Want hyper-growth? Check out online video advertising, expected to grow 48.1% this year and 42.7% in 2011, according to eMarketer. That steep growth curve is no doubt behind Specific Media's acquisition of BBE a few weeks back, as well as AOL's acquisition of 5min.
But online video has a problem: Consumers will do just about anything to avoid its core unit, the video pre-roll. For 14 days, Tubemogul monitored what it calls a "large sample" of media sites, including TV networks, print publications and online media outlets. They found that only 13% of unique visitors watched a video pre-roll during that time. Conversely, nearly 87% did not.
Understandably, broadcasters tend to do best, with 20% of their unique visitors watching a pre-roll over the two-week period, meaning consumers are most likely to watch a video ad when it precedes something they really want to watch. Magazine and newspaper sites don't do as well, mostly because they have far fewer video clips to which to attach advertising. That said, I'm continually amazed how many news and information sites accept 30-second pre-rolls for short clips, which also may be a factor.

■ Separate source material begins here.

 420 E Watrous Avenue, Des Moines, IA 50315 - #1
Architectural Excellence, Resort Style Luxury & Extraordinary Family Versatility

We know why there's so much 30-second pre-roll out there (it's all re-purposed from TV) but what's less clear is why more of those 30-second spots aren't cut down to 15 seconds, or better yet, eight seconds, which would make them less onerous.

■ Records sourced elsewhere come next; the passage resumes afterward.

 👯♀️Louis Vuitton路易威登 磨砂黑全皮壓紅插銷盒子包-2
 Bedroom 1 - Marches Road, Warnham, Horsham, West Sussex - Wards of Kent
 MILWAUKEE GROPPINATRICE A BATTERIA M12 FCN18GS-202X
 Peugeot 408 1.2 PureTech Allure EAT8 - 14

Here's Tubemogul's analysis: "The data presents a pretty clear tradeoff to video advertisers: in reaching a premium audience on a given site, pre-roll advertising can only get you so far, especially in certain categories. If an advertiser wants to reach an entire site's audience with a given video ad, in-banner display or interstitial advertising could be complementary additions to increase reach."